In order to successfully analyze AC circuits, we need to work with mathematical objects and techniques capable of representing these multi-dimensional quantities. Here is where we need to abandon scalar numbers for something better suited: *complex numbers*. Just like the example of giving directions from one city to another, AC quantities in a single-frequency circuit have both amplitude (analogy: distance) and phase shift (analogy: direction). A complex number is a single mathematical quantity able to express these two dimensions of amplitude and phase shift at once.

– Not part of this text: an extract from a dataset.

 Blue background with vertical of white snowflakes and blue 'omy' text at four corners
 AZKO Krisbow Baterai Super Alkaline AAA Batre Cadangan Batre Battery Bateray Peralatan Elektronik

Complex numbers are easier to grasp when they’re represented graphically. If I draw a line with a certain length (magnitude) and angle (direction), I have a graphic representation of a complex number which is commonly known in physics as a *vector*: (Figure

*A vector has both magnitude and direction.*

Like distances and directions on a map, there must be some common frame of reference for angle figures to have any meaning. In this case, directly right is considered to be 0^{o}, and angles are counted in a positive direction going counter-clockwise: (Figure

*The vector compass*

The idea of representing a number in graphical form is nothing new. We all learnd this in grade school with the “number line:” (Figure )

*Number line.*

We even learned how addition and subtraction works by seeing how lengths (magnitudes) stacked up to give a final answer: (Figure

*Addition on a “number line”.*

Later, we learned that there were ways to designate the values *between* the whole numbers marked on the line. These were fractional or decimal quantities: (Figure

*Locating a fraction on the “number line”*

Later yet we learned that the number line could extend to the left of zero as well: (Figure

*“Number line” shows both positive and negative numbers.*

These fields of numbers (whole, integer, rational, irrational, real, etc.) learned in grade school share a common trait: they’re all *one-dimensional*. The straightness of the number line illustrates this graphically. You can move up or down the number line, but all “motion” along that line is restricted to a single axis (horizontal). One-dimensional, scalar numbers are perfectly adequate for counting beads, representing weight, or measuring DC battery voltage, but they fall short of being able to represent something more complex like the distance *and* direction between two cities, or the amplitude *and* phase of an AC waveform. To represent these kinds of quantities, we need multidimensional representations. In other words, we need a number line that can point in different directions, and that’s exactly what a vector is.

**REVIEW:**

A *scalar* number is the type of mathematical object that people are used to using in everyday life: a one-dimensional quantity like temperature, length, weight, etc.

A *complex number* is a mathematical quantity representing two dimensions of magnitude and direction.

A *vector* is a graphical representation of a complex number. It looks like an arrow, with a starting point, a tip, a definite length, and a definite direction. Sometimes the word *phasor* is used in electrical applications where the angle of the vector represents phase shift between waveforms.